Dossier : IMM‑6812‑19

Référence : 2021 CF 48

[TRADUCTION FRANÇAISE]

Ottawa (Ontario), le 13 janvier 2021

En présence de monsieur le juge Pentney

ENTRE :

JEAN LOUIS JEAN PHILIPPE

demandeur

et

LE MINISTRE DE LA CITOYENNETÉ

ET DE L’IMMIGRATION

défendeur

JUGEMENT ET MOTIFS

[1]  Le demandeur, Jean Louis Jean Philippe, est un citoyen haïtien qui a fui ce pays pour aller au Brésil, où il a obtenu le statut de résident permanent. Après trois années passées au Brésil, il est venu au Canada, où il a demandé l’asile. Sa demande a été refusée par la Section de la protection des réfugiés (la SPR) de la Commission de l’immigration et du statut de réfugié. Cette décision a été confirmée en appel par la Section d’appel des réfugiés (la SAR).

[2]  Le demandeur sollicite maintenant le contrôle judiciaire de la décision de la SAR. Pour les motifs exposés ci‑après, la demande de contrôle judiciaire sera rejetée.

[3]  Le demandeur affirme avoir fui Haïti après avoir reçu des menaces en lien avec une certaine terre dont il a hérité. Il a quitté Haïti pour aller au Brésil en avril 2013 et a obtenu là‑bas la résidence permanente le 26 septembre 2014. Le demandeur allègue avoir été persécuté durant les trois années pendant lesquelles il a vécu au Brésil, puisque a) pour un même travail, il recevait un salaire moindre que celui touché par les Brésiliens; b) son dernier employeur ne le rémunérait pas toujours; c) son propriétaire menaçait de l’expulser lorsqu’il ne payait pas son loyer; d) il était obligé de s’asseoir à l’écart des autres dans les transports en commun, et e) il s’était fait dire, lors d’un séjour à l’hôpital en raison de douleurs à l’estomac, de prendre des pastilles et de revenir dans trois mois.
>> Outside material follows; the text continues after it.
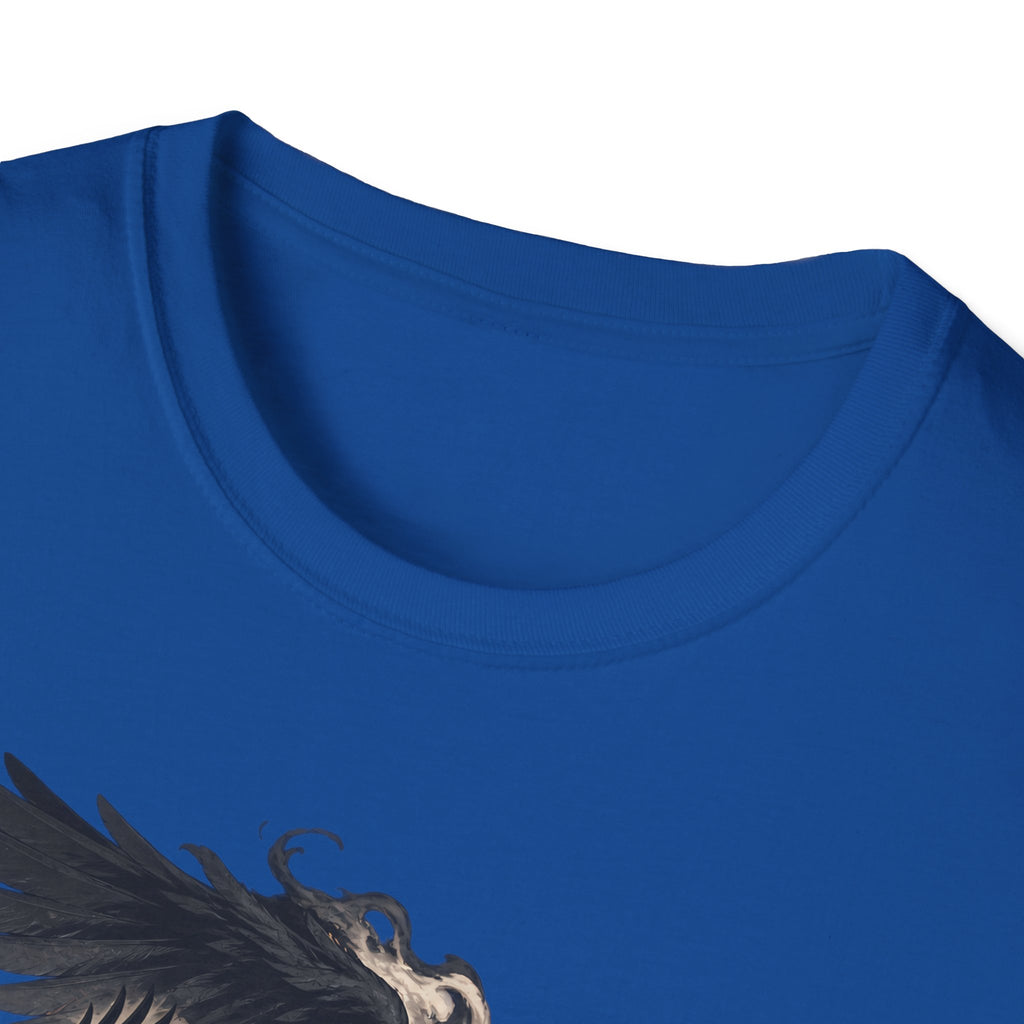 Raven Master | Japanese Samurai | Dark Fantasy T-Shirt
[4]  Le demandeur affirme également qu’un de ses collègues de travail, qui affirmait qu’il volait les emplois des Brésiliens, lui a proféré des menaces de mort en avril 2016. Le demandeur n’a pas signalé la menace à son employeur ou aux autorités brésiliennes. Il a quitté le Brésil le 23 avril 2016, environ dix jours après avoir démissionné de son emploi. Il est arrivé au Canada peu de temps après et a demandé l’asile.
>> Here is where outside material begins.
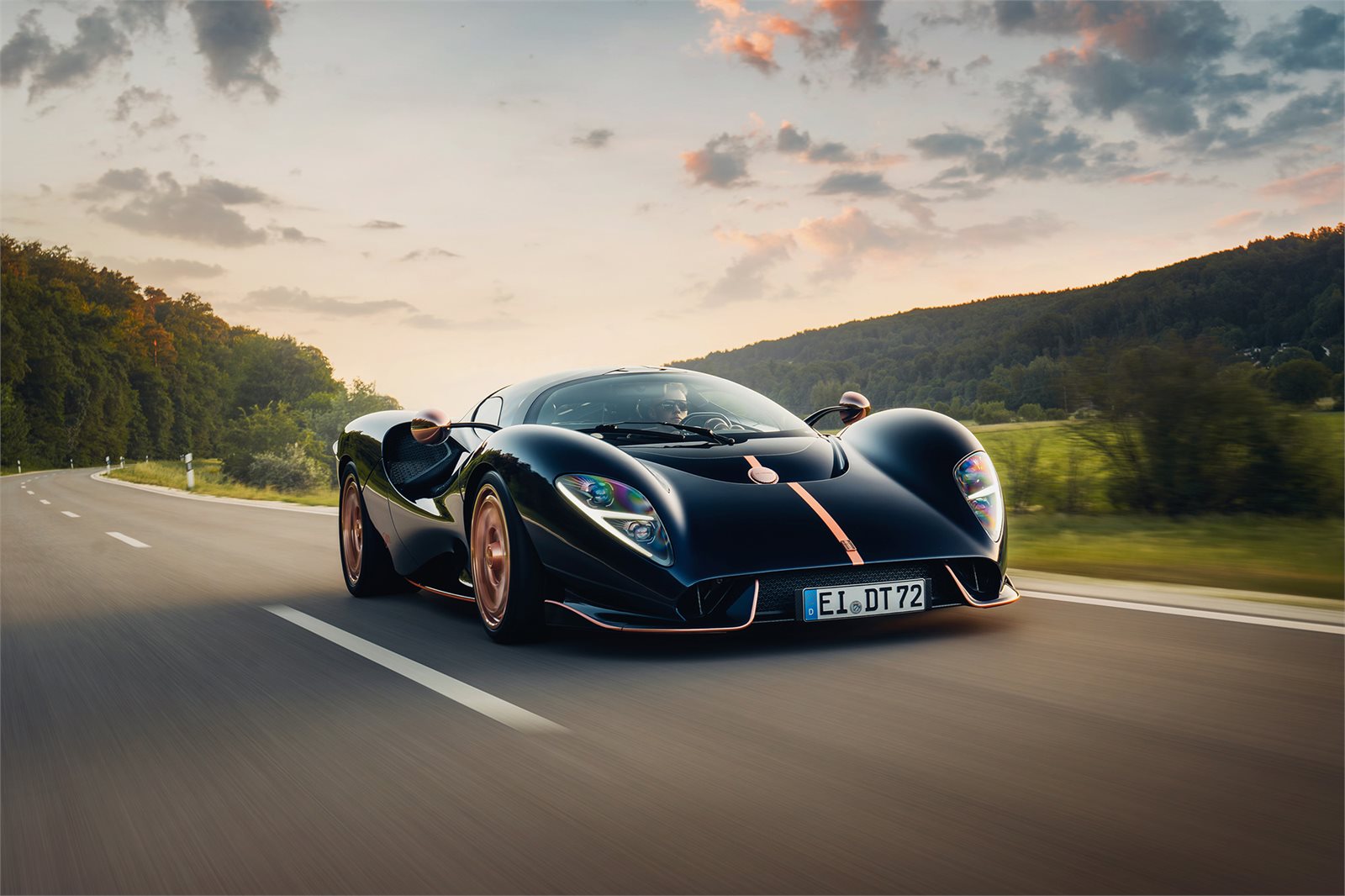 De Tomaso P72: A Legacy Lived On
[5]  La SPR a rejeté la demande d’asile du demandeur parce qu’elle a conclu qu’il était exclu de la protection aux termes de l’article 98 de la Loi sur l’immigration et la protection des réfugiés, LC 2001, c 27 [la LIPR] et de l’article 1E de la Convention des Nations Unies relative au statut des réfugiés, 28 juillet 1951, 189 RTNU 137 [la Convention]. La SPR a conclu ainsi en raison du statut de résident permanent au Brésil du demandeur et de l’absence de démonstration par ce dernier qu’il était exposé, s’il retournait au Brésil, à une possibilité sérieuse de persécution, à une menace à sa vie ou au risque de peines cruelles et inusitées aux termes des articles 97 et 98 de la LIPR. La SAR a confirmé cette décision pour les mêmes motifs le 30 octobre 2019.

[6]  Le demandeur affirme que la décision de la SAR devrait être infirmée au motif que la SAR n’a pas analysé son allégation selon laquelle la discrimination dont il avait été victime est assimilable à de la persécution lorsque les différents incidents sont considérés cumulativement. De plus, selon ses dires, la SAR n’a pas suffisamment motivé sa conclusion sur ce point, celle‑ci étant énoncée en quatre mots : « même pour motifs cumulés ».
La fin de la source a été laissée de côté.